What the task asks: Retype every record that follows, character for character.

Dataset entries:
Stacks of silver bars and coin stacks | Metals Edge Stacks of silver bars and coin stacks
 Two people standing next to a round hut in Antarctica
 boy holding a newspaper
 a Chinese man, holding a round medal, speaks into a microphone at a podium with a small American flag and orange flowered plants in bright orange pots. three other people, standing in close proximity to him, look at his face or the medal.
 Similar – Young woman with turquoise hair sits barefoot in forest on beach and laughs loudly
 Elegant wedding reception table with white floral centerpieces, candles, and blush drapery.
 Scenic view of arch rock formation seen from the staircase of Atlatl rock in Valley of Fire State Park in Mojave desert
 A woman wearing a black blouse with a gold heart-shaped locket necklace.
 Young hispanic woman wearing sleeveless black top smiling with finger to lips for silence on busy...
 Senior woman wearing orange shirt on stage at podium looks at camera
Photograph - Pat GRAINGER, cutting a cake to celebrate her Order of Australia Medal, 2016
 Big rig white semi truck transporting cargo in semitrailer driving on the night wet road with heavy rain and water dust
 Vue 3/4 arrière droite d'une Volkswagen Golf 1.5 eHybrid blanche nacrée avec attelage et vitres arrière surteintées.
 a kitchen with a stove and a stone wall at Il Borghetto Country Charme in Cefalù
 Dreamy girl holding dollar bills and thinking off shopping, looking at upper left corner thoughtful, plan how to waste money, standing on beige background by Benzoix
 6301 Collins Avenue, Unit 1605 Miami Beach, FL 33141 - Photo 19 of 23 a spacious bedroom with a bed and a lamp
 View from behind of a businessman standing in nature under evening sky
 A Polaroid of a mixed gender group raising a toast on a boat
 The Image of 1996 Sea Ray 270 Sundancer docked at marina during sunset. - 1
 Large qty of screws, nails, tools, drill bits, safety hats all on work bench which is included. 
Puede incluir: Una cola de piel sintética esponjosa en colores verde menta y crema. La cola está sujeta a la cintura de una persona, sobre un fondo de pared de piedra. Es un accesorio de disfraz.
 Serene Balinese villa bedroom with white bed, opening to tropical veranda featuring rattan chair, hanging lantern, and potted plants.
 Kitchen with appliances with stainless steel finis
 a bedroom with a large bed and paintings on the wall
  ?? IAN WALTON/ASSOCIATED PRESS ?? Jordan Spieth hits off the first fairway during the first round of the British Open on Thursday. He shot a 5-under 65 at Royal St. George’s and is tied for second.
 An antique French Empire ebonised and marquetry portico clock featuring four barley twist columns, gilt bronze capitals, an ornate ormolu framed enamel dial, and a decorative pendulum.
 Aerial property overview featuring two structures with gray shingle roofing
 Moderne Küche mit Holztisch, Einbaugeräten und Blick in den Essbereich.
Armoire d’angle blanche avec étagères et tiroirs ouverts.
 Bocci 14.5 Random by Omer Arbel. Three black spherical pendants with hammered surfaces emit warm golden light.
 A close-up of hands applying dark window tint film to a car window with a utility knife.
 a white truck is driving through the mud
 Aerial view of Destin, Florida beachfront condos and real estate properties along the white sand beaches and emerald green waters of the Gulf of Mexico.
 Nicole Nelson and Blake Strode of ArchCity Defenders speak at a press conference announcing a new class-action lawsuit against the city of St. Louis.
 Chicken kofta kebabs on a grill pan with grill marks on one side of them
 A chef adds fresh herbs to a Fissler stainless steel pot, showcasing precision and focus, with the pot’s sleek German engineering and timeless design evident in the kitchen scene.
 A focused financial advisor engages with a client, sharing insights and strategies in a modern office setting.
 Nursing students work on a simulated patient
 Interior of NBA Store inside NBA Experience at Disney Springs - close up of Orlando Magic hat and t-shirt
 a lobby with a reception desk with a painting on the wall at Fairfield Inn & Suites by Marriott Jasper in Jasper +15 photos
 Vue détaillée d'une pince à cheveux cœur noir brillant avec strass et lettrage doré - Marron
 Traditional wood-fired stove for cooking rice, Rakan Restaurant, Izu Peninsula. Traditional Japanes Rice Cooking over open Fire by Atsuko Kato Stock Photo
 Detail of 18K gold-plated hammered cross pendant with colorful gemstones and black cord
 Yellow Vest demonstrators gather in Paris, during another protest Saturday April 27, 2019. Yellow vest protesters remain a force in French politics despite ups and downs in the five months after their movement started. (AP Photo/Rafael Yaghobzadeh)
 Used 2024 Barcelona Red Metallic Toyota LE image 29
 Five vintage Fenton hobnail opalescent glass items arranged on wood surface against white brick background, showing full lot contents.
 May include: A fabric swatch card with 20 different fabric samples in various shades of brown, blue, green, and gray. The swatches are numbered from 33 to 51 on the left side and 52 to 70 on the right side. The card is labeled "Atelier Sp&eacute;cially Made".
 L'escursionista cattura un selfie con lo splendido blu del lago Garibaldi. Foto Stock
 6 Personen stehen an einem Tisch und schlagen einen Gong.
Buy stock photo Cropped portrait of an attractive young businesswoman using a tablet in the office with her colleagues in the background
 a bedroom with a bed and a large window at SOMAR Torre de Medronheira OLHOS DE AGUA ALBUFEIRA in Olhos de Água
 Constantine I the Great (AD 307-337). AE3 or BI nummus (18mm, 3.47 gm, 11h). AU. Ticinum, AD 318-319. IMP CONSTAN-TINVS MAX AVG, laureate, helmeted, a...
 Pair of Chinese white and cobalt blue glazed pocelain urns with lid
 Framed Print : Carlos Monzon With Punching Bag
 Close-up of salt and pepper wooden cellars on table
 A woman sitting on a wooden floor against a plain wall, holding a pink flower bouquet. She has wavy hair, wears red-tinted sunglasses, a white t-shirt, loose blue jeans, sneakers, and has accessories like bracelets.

Task solution:
Stacks of silver bars and coin stacks | Metals Edge Stacks of silver bars and coin stacks
 Two people standing next to a round hut in Antarctica
 boy holding a newspaper
 a Chinese man, holding a round medal, speaks into a microphone at a podium with a small American flag and orange flowered plants in bright orange pots. three other people, standing in close proximity to him, look at his face or the medal.
 Similar – Young woman with turquoise hair sits barefoot in forest on beach and laughs loudly
 Elegant wedding reception table with white floral centerpieces, candles, and blush drapery.
 Scenic view of arch rock formation seen from the staircase of Atlatl rock in Valley of Fire State Park in Mojave desert
 A woman wearing a black blouse with a gold heart-shaped locket necklace.
 Young hispanic woman wearing sleeveless black top smiling with finger to lips for silence on busy...
 Senior woman wearing orange shirt on stage at podium looks at camera
Photograph - Pat GRAINGER, cutting a cake to celebrate her Order of Australia Medal, 2016
 Big rig white semi truck transporting cargo in semitrailer driving on the night wet road with heavy rain and water dust
 Vue 3/4 arrière droite d'une Volkswagen Golf 1.5 eHybrid blanche nacrée avec attelage et vitres arrière surteintées.
 a kitchen with a stove and a stone wall at Il Borghetto Country Charme in Cefalù
 Dreamy girl holding dollar bills and thinking off shopping, looking at upper left corner thoughtful, plan how to waste money, standing on beige background by Benzoix
 6301 Collins Avenue, Unit 1605 Miami Beach, FL 33141 - Photo 19 of 23 a spacious bedroom with a bed and a lamp
 View from behind of a businessman standing in nature under evening sky
 A Polaroid of a mixed gender group raising a toast on a boat
 The Image of 1996 Sea Ray 270 Sundancer docked at marina during sunset. - 1
 Large qty of screws, nails, tools, drill bits, safety hats all on work bench which is included. 
Puede incluir: Una cola de piel sintética esponjosa en colores verde menta y crema. La cola está sujeta a la cintura de una persona, sobre un fondo de pared de piedra. Es un accesorio de disfraz.
 Serene Balinese villa bedroom with white bed, opening to tropical veranda featuring rattan chair, hanging lantern, and potted plants.
 Kitchen with appliances with stainless steel finis
 a bedroom with a large bed and paintings on the wall
  ?? IAN WALTON/ASSOCIATED PRESS ?? Jordan Spieth hits off the first fairway during the first round of the British Open on Thursday. He shot a 5-under 65 at Royal St. George’s and is tied for second.
 An antique French Empire ebonised and marquetry portico clock featuring four barley twist columns, gilt bronze capitals, an ornate ormolu framed enamel dial, and a decorative pendulum.
 Aerial property overview featuring two structures with gray shingle roofing
 Moderne Küche mit Holztisch, Einbaugeräten und Blick in den Essbereich.
Armoire d’angle blanche avec étagères et tiroirs ouverts.
 Bocci 14.5 Random by Omer Arbel. Three black spherical pendants with hammered surfaces emit warm golden light.
 A close-up of hands applying dark window tint film to a car window with a utility knife.
 a white truck is driving through the mud
 Aerial view of Destin, Florida beachfront condos and real estate properties along the white sand beaches and emerald green waters of the Gulf of Mexico.
 Nicole Nelson and Blake Strode of ArchCity Defenders speak at a press conference announcing a new class-action lawsuit against the city of St. Louis.
 Chicken kofta kebabs on a grill pan with grill marks on one side of them
 A chef adds fresh herbs to a Fissler stainless steel pot, showcasing precision and focus, with the pot’s sleek German engineering and timeless design evident in the kitchen scene.
 A focused financial advisor engages with a client, sharing insights and strategies in a modern office setting.
 Nursing students work on a simulated patient
 Interior of NBA Store inside NBA Experience at Disney Springs - close up of Orlando Magic hat and t-shirt
 a lobby with a reception desk with a painting on the wall at Fairfield Inn & Suites by Marriott Jasper in Jasper +15 photos
 Vue détaillée d'une pince à cheveux cœur noir brillant avec strass et lettrage doré - Marron
 Traditional wood-fired stove for cooking rice, Rakan Restaurant, Izu Peninsula. Traditional Japanes Rice Cooking over open Fire by Atsuko Kato Stock Photo
 Detail of 18K gold-plated hammered cross pendant with colorful gemstones and black cord
 Yellow Vest demonstrators gather in Paris, during another protest Saturday April 27, 2019. Yellow vest protesters remain a force in French politics despite ups and downs in the five months after their movement started. (AP Photo/Rafael Yaghobzadeh)
 Used 2024 Barcelona Red Metallic Toyota LE image 29
 Five vintage Fenton hobnail opalescent glass items arranged on wood surface against white brick background, showing full lot contents.
 May include: A fabric swatch card with 20 different fabric samples in various shades of brown, blue, green, and gray. The swatches are numbered from 33 to 51 on the left side and 52 to 70 on the right side. The card is labeled "Atelier Sp&eacute;cially Made".
 L'escursionista cattura un selfie con lo splendido blu del lago Garibaldi. Foto Stock
 6 Personen stehen an einem Tisch und schlagen einen Gong.
Buy stock photo Cropped portrait of an attractive young businesswoman using a tablet in the office with her colleagues in the background
 a bedroom with a bed and a large window at SOMAR Torre de Medronheira OLHOS DE AGUA ALBUFEIRA in Olhos de Água
 Constantine I the Great (AD 307-337). AE3 or BI nummus (18mm, 3.47 gm, 11h). AU. Ticinum, AD 318-319. IMP CONSTAN-TINVS MAX AVG, laureate, helmeted, a...
 Pair of Chinese white and cobalt blue glazed pocelain urns with lid
 Framed Print : Carlos Monzon With Punching Bag
 Close-up of salt and pepper wooden cellars on table
 A woman sitting on a wooden floor against a plain wall, holding a pink flower bouquet. She has wavy hair, wears red-tinted sunglasses, a white t-shirt, loose blue jeans, sneakers, and has accessories like bracelets.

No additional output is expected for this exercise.